**Try it:** Take the records below and set down exactly the lines from the one with "KY license plate 296JIR" to the one with "Men Grey Solid", ends included; do not copy the pictures.

Short descriptive text snippets:
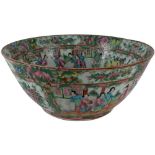 A Chinese polychrome Bowl, Cantonese - 19th Century, decorated with colourful figures, birds and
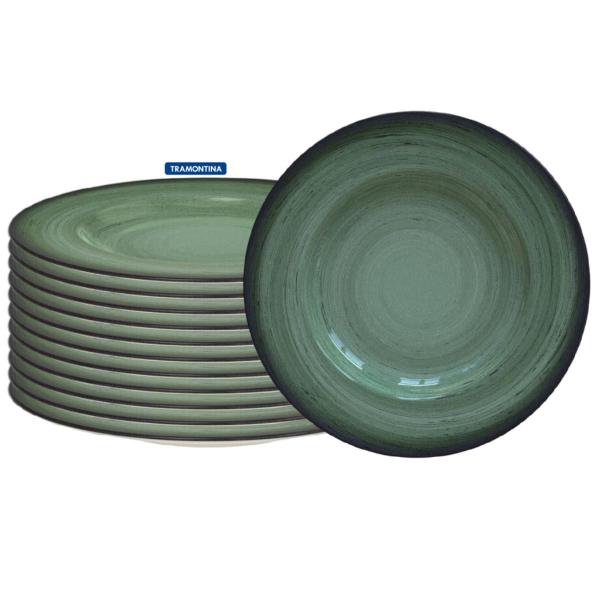 Jogo 12 Pratos Sobremesa Tramontina Porcelana 21cm Rústico Verde Imagem de Jogo 12 Pratos Sobremesa Tramontina Porcelana 21cm Rústico Verde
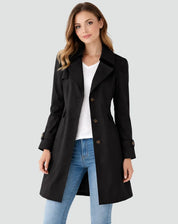 Dames Trenchcoat – Getailleerd Model met Knoopsluiting Zwart / S - AIDA LENA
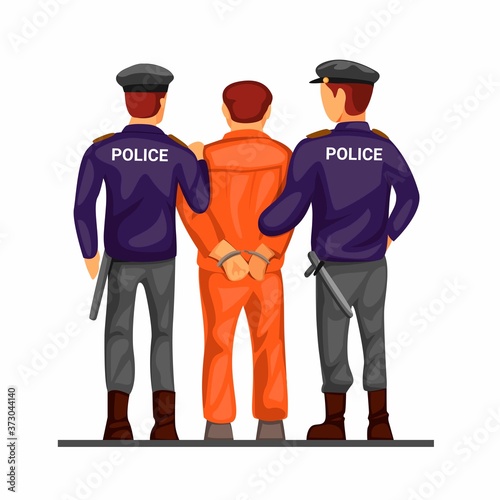 Police leading criminal prisoner in handcuff from back view concept in cartoon illustration vector isolated in white background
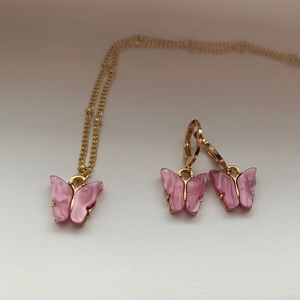 Butterfly Resin Necklace and Earring Set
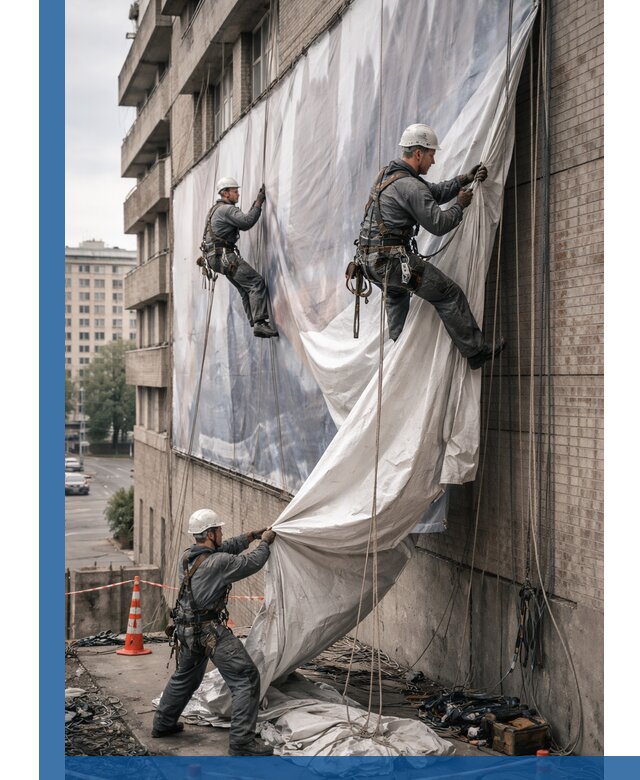 Демонтаж баннеров с фасада в Нижнем Тагиле оперативно и безопасно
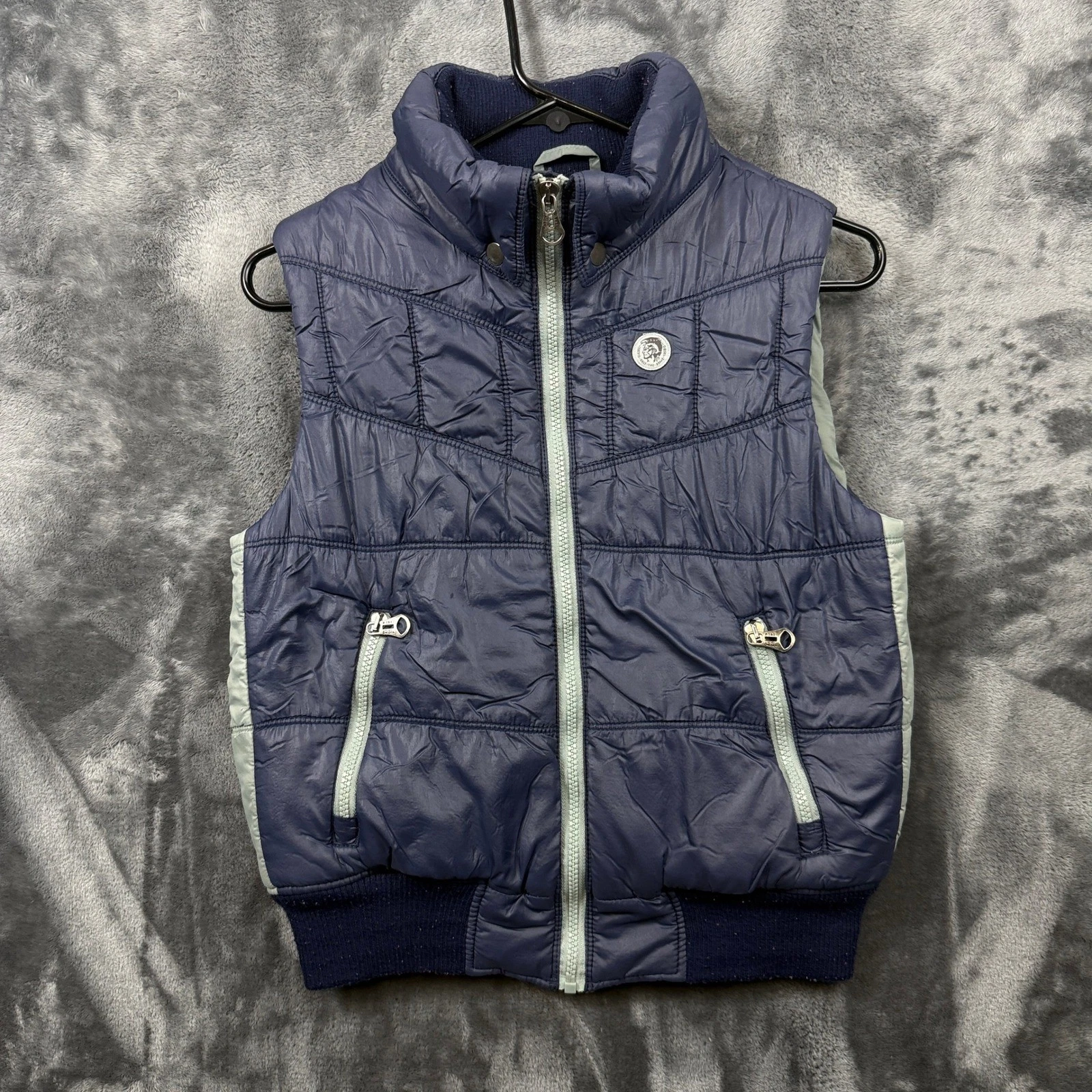 Diesel Puffer Vest Mens Large Navy Blue Quilted Sleeveless Full Zip Jacket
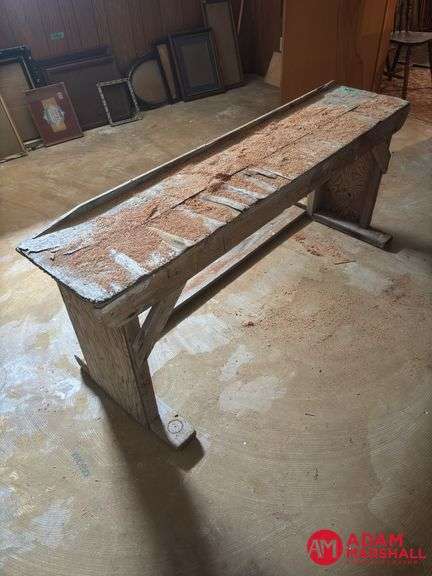 Vintage Wood Bench Measures 66 by 16 by 26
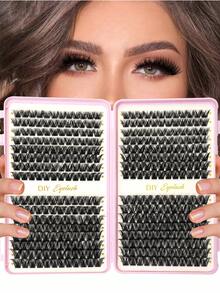 384/416pcs Individual False Eyelashes, Eyelash Book, Cluster Fake Lashes, DIY Home Eyelash Extension, Eyelash Cluster, Individual False Eyelashes, Eyelashes, Ideal For Beginners Daily Wear, Also Suitable For Weddings, Dates, Parties, Holidays, Especially Suitable For Christmas/Halloween/Gifts - Black - View 14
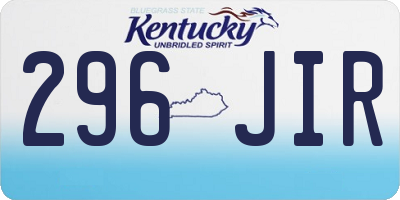 KY license plate 296JIR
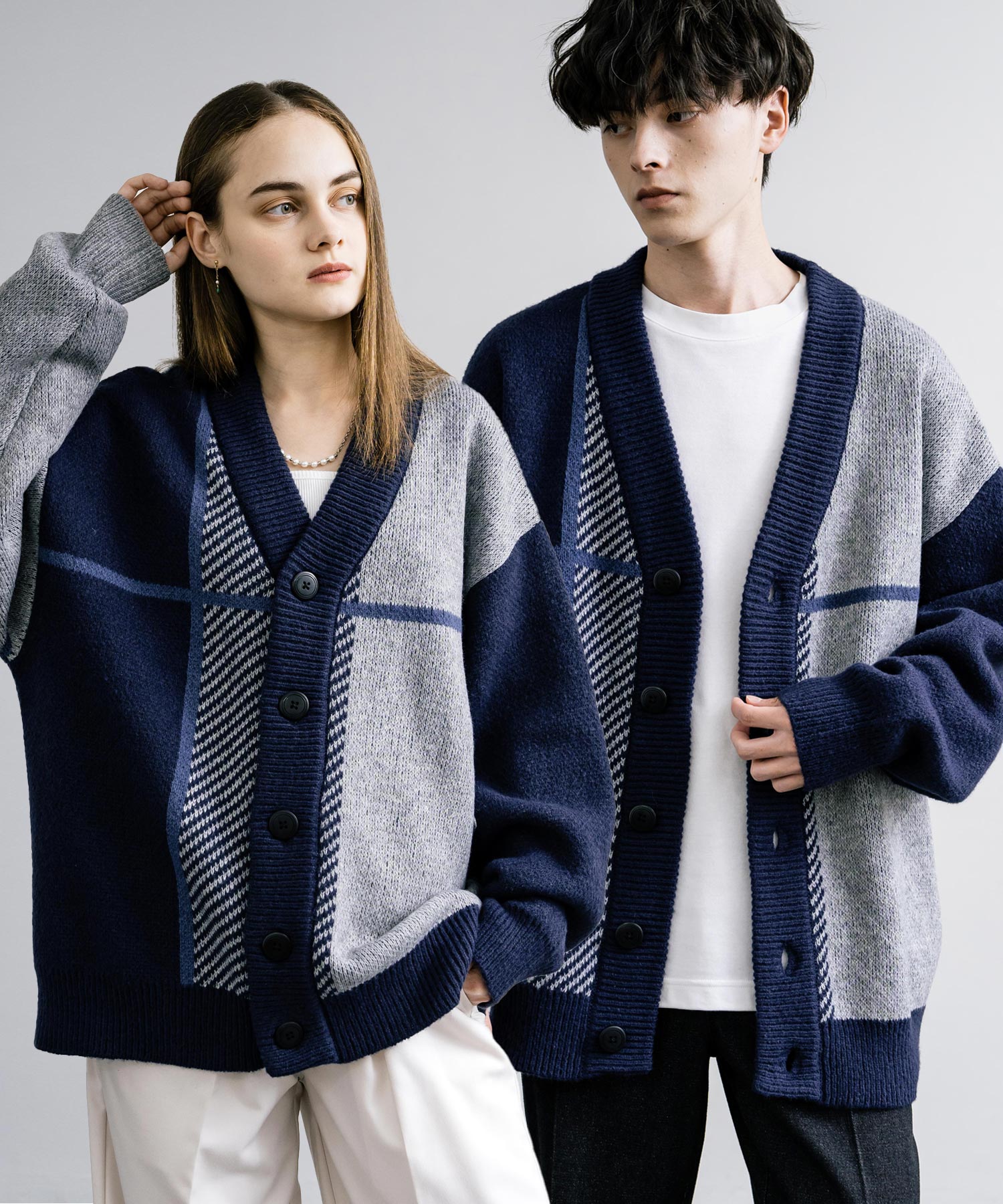 オーバーサイズ 7Gクロスチェック柄Vネックカーディガン – Rocky Monroe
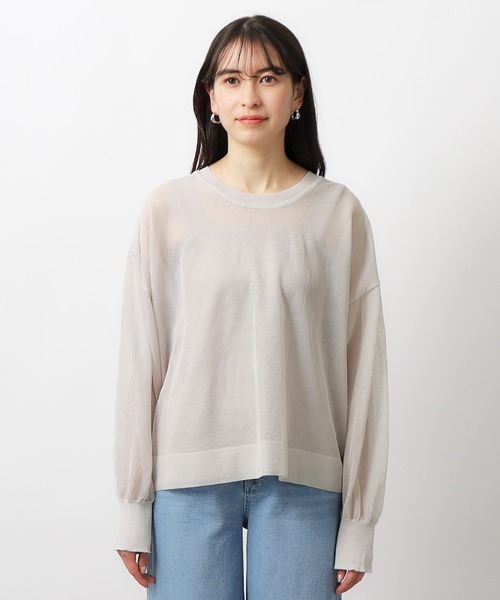 OPAQUE.CLIP（オペークドットクリップ）の「◆前後2WAY シアークルーネックニット【洗濯機洗い可】（ニット/セーター・レディース・ホワイト系6/ブラック系5/ピンク系1/ライトグレー系5/スモーキーグリーン系6・00）」の14枚目の写真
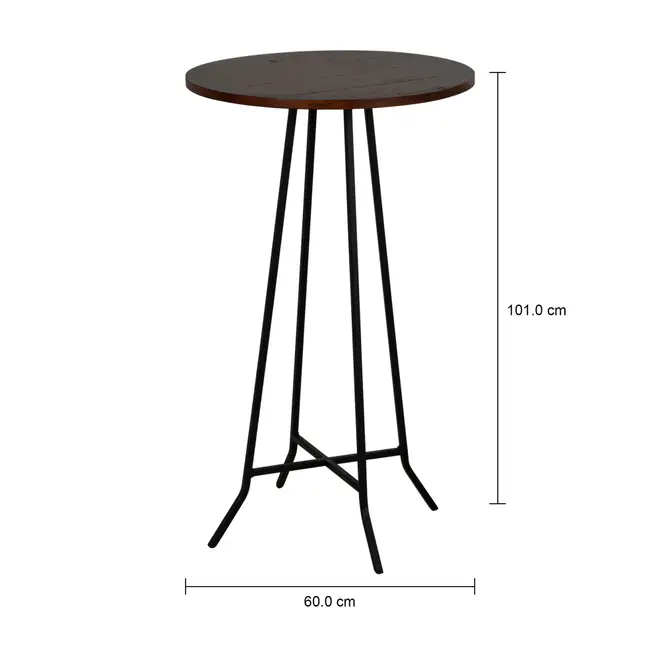MESA ALTA REDONDA 60 CM JAHARI - PRETO/NOZES RÚSTICO - Foto 6
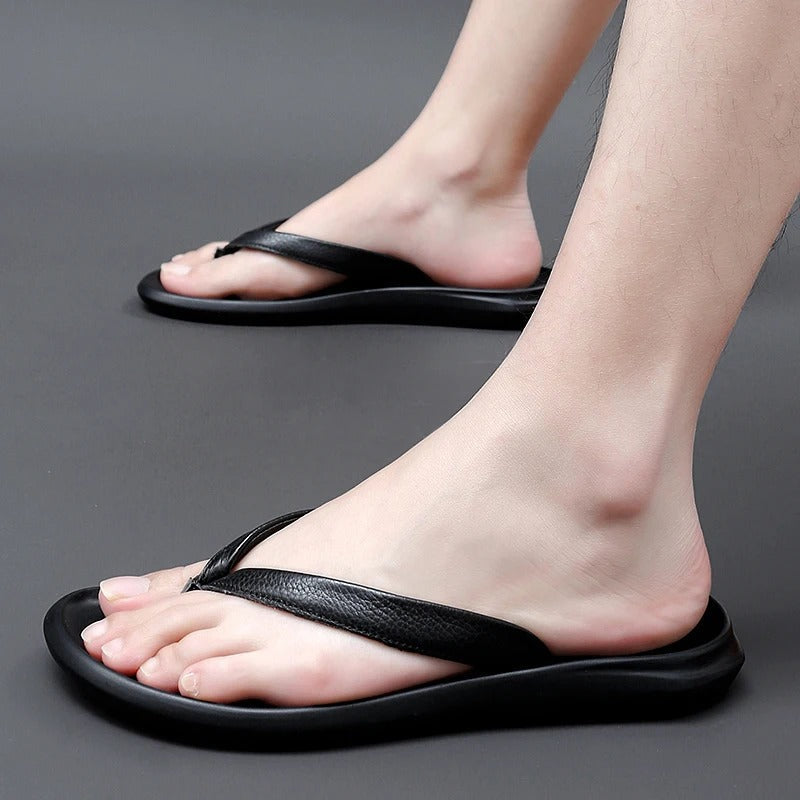 Herre Flip-Flop Sandaler I Kalveskind – Let Skridsikkert Sommerfodtøj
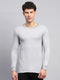 Men Grey Solid Round Neck Full Sleeve Thermal Vest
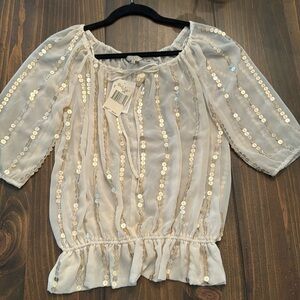 Guess blouse with sequins . Cream and gold . Size xsmall with tags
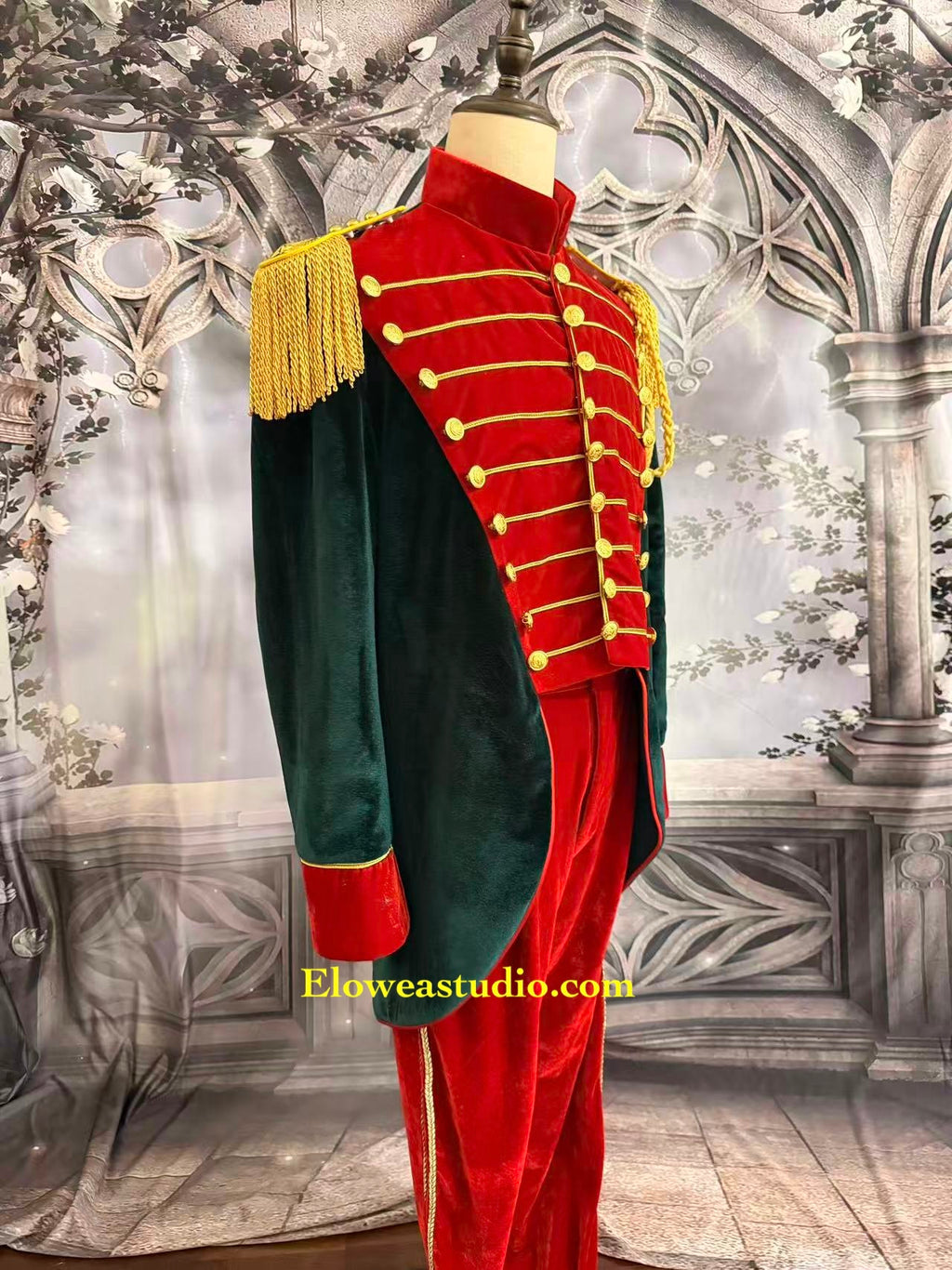 Nutcracker Prince Costume – Red & Green Velvet Military Uniform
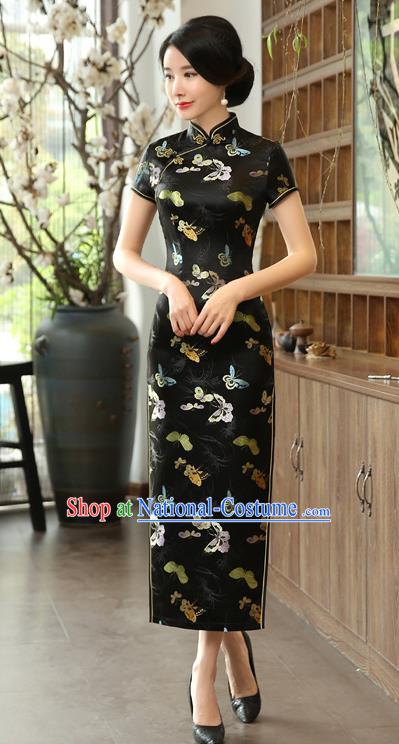 Chinese National Costume Tang Suit Qipao Dress Traditional Republic of China Black Brocade Cheongsam for Women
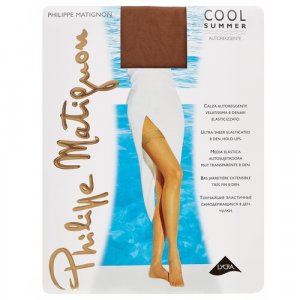 Чулки Cool Summer, 8 den, размер 3, коричневый Philippe Matignon. Цвет: коричневый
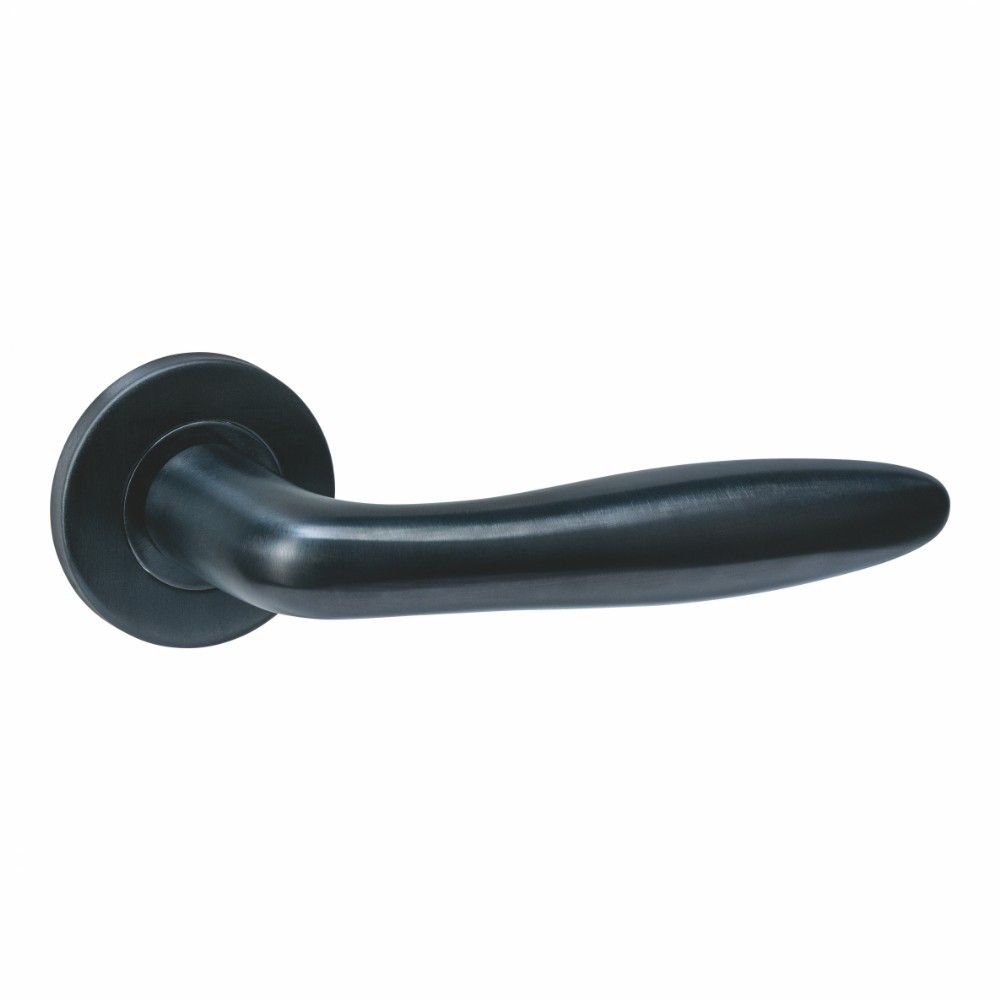 Intersteel deurkruk Q 03 op rozet verdekt ø52x6mm -  PVD zwart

**Answer section:**
 KY license plate 296JIR
 オーバーサイズ 7Gクロスチェック柄Vネックカーディガン – Rocky Monroe
 OPAQUE.CLIP（オペークドットクリップ）の「◆前後2WAY シアークルーネックニット【洗濯機洗い可】（ニット/セーター・レディース・ホワイト系6/ブラック系5/ピンク系1/ライトグレー系5/スモーキーグリーン系6・00）」の14枚目の写真
MESA ALTA REDONDA 60 CM JAHARI - PRETO/NOZES RÚSTICO - Foto 6
 Herre Flip-Flop Sandaler I Kalveskind – Let Skridsikkert Sommerfodtøj
 Men Grey Solid Round Neck Full Sleeve Thermal Vest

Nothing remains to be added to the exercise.